Today, with the election well past, a late remark from Mitt Romney was revealed. According to the New York Times, he said (bitterly, one can only suppose) that he and Paul Ryan lost because of “gifts” generously bestowed by President Obama on blacks, Latinos and young people, especially women. They’re the new “privileged” class if you’re a Republican (and only if you’re a Republican). Republican state legislators are overheard saying that the right side would have won if only the urban vote had been suppressed through a strong voter ID law — an outcome averted because individual judges had stepped in to block it from happening. And somehow voter suppression would have been OK.



Even before the 2012 campaign began, Fox News and Republican tele-pundits were charging Democrats with the crime of class warfare.
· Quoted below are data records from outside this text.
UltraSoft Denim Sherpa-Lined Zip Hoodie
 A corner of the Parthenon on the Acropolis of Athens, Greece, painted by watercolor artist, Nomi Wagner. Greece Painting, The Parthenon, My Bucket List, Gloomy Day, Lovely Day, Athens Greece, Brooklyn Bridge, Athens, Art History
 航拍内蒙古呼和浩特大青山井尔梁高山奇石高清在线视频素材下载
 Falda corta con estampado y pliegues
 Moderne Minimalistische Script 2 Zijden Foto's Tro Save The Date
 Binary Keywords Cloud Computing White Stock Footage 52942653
In truth, though, Republicans were always the ones playing the class card — and they’ve ramped it up since Nov. 6. With Romney’s defeat, the Republican media machine has decided to blame the voters. Ann Coulter was the first to pronounce, “Game over,” because the new electoral majority now contains “more takers than makers.” Bill O’Reilly upped the collective whine with his post-game analysis: President Obama won by appealing to all those people who “want things.” And then he clarified: “People feel they are entitled to things.” Things? Doesn’t he mean rights? Doesn’t he mean government protections? Isn’t he complaining because the non-rich people in our republic expect to be treated with a basic level of human decency?



The flip side of an obviously stupid argument is the complainers’ crude inference that only Republicans don’t want “things.” Oh, so they’re driven by altruism, are they? Class-based anger started, not with the Dems, but with the Tea Party, in 2009, when it sought to explain the collapse of the housing market by dismissing the unworthy Americans who never deserved to be homeowners. Tea Partyers had no intention of paying for others’ failure. Speaker John Boehner was on-board with this principle, because his was the party of self-reliance. So instead of directing their venom against Fanny Mae and Freddie Mac, they went after the Americans who had dared to buy a home beyond their means. There was a certain logic to this argument, but not to the underlying sentiment: They were mocking the idea of social mobility.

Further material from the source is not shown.